Epiphany, the manifestation of Christ in the flesh. Aren’t you glad that we do this epiphany thing together? We manifest the body of Christ together as we each make small decisions to serve others rather than ourselves. It is so easy to go through a day and mindlessly serve ourselves. I have done that without effort for more days than I care to admit. But in John chapter 4 we read that “Jesus had to pass through Samaria.” This is a strange phrase loaded with intentionality. Later it all makes sense when we read of his service to the Samaritan woman at the well. Likewise, Thomas encouraged us last week to make conscious decisions to serve others and so live into our collective lives as the manifestation of Christ’s body.
Teri and I were first introduced to the needs of refugees in our community in 2010 when a couple who were volunteering with World Relief were moving away and encouraged us to take over their role as helpers for Saw Min and his family, refugees from Myanmar. We stopped by Saw’s apartment in Oak Creek Village and after a few awkward meetings we slowly began to understand Saw’s broken English enough to assist his family with some of their practical needs. We set up a TV and antenna so they could learn English and access children’s programs on UNC-TV. We had them enrolled in English classes and we walked with them through a frightening medical emergency. Over time a very comfortable relationship developed where Saw and his family could relax and visit with us or call us for advice when they did not understand something. It was humbling to see how much this family had endured (persecution in their homeland, mistreatment and imprisonment in their country of refuge, and the birth of their only child in prison while Mom was on a starvation diet). Yet they persevered and soon both held jobs at odd hours so one was always home with their child.
This past fall we were reminded once again of the needs of refugees and immigrants through Paul Watkins’ spiritual formations class: “Welcoming The Stranger: Discovering God’s Heart for Immigrants.” Paul guided us through countless scriptures in every part of the Bible that declare God’s concern for the immigrants in our midst.
This class caused me to reconnect with World Relief Durham last month where I learned of their continuing need for volunteers in their mission to resettle and empower refugees in our community. I agreed to work within All Saints to build Good Neighbor Teams. These teams consist of 4 to 12 people (these could be individuals, families, or small groups) who commit to support the resettlement of a single refugee or refugee family. They acquire the necessary items to furnish an apartment and then set up that apartment and purchase a week’s supply of food, often on short notice. They greet the newcomers at the airport and transport them to their apartment and assist them with settling in. They visit the newcomers once per week and assist with one or more resettlement tasks such as practicing language skills, acquiring medical care, or searching for employment. The State Department provides a small stipend that supports a refugee family for about 90 days so the need for volunteers is great.
Refugees are a diverse group. Teri and I taught English to an elderly lady from Napal who had never handled a writing instrument. We also taught highly educated refugees from Egypt and Iraq who had to work menial jobs because their degrees were not recognized in the United States.
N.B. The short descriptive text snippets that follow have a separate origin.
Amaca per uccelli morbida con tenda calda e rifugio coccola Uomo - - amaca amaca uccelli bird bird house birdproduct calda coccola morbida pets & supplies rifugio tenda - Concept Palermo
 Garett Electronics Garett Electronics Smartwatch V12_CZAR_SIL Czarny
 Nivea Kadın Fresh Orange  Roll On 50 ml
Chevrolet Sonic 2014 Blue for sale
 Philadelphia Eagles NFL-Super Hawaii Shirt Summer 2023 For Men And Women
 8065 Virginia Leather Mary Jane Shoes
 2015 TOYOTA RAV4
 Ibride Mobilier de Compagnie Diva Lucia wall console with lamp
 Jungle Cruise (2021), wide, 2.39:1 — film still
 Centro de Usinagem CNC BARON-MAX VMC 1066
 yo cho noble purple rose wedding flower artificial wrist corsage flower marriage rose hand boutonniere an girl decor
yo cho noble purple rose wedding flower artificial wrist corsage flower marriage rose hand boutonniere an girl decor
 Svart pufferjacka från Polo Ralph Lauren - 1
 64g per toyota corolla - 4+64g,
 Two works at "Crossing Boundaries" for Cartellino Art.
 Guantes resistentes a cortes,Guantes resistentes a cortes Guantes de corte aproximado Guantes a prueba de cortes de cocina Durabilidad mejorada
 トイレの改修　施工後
One neat aspect of this opportunity is that, as Christ’s body, the Good Neighbor Team works together to build relationships and empower a terribly vulnerable segment of our society. No single person needs to do it all. Everyone can contribute from their own unique talents and within their own available time.
During this epiphany season I encourage you to consider if this is one of those intentional decisions that would help you, your family, or your small group live into being the beautiful manifestation of Christ’s body.